Yesterday’s death, according to video interviews and news reports, was not the first time a whale has turned on its trainer. SeaWorld has a history of killer whales becoming aggressive. In each case, spectators watch in horror as trainers are thrown around like feeder fish and pounced on by the enormous animals.
Of the large pool of whale attack videos, viewers have been especially fond of clips that capture carnage and offer information on why the beasts turn on humans. Entertainment venues like SeaWorld also continue to be under fire for keeping killer whales in captivity.
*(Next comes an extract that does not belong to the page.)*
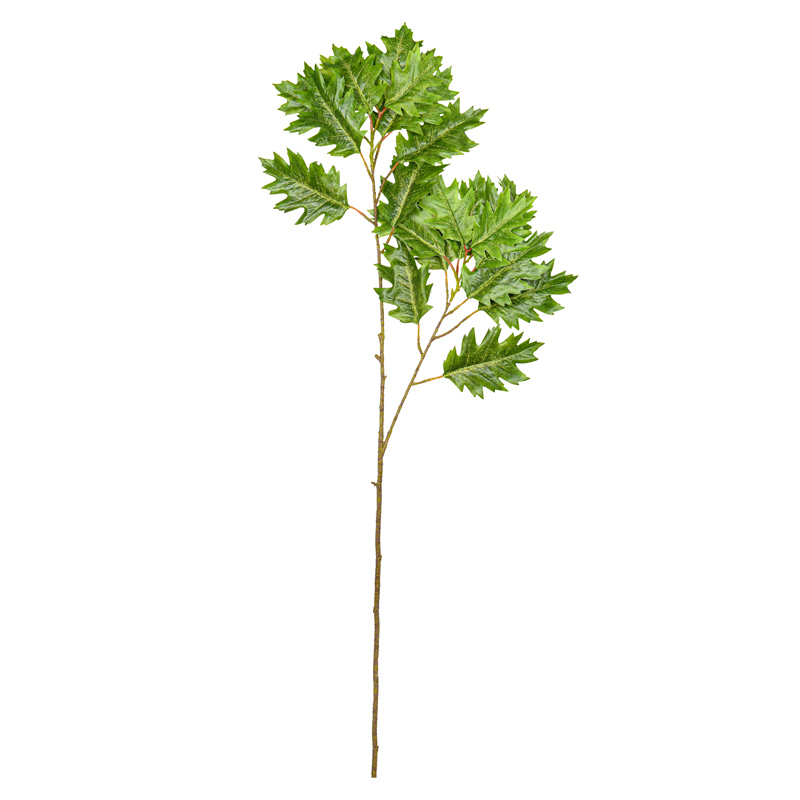 Branche feuilles de chêne 'Coeur d'Automne'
Opponents have longed claimed whales belong at sea and when one attacks a human, few should be shocked.
One popular YouTube clip includes an interview with whale expert Nancy Black, who says confining a 20,000-pound animal is a recipe for disaster.
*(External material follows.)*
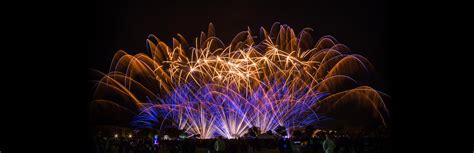 48 Inch Firework Display 的图像结果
“Whales are top predators,” Black said. “And they are put in a small tank (and) they get stressed out. They look for companionship.”
As for Tillikum, the male killer whale involved in Wednesday’s tragedy, Black says stress and isolation were likely what sparked the whale to behave erratically.
“I think there was a lot of stress involved,” Black said. “I hear that whale was often isolated. And, people were not getting in the water with it because of previous incidents.”
Tilikum has killed before. In 1991, Tili, and two females, killed a trainer in Canada. Officials believe a man entered SeaWorld after hours in 1999 and drowned during an encounter with Tilikum.
Tilikum, footage notes, is kept at SeaWorld as a breeder and now spends much of his time in isolation. Sea animal attractions like SeaWorld began placing killer whales in captivity in the 1960s.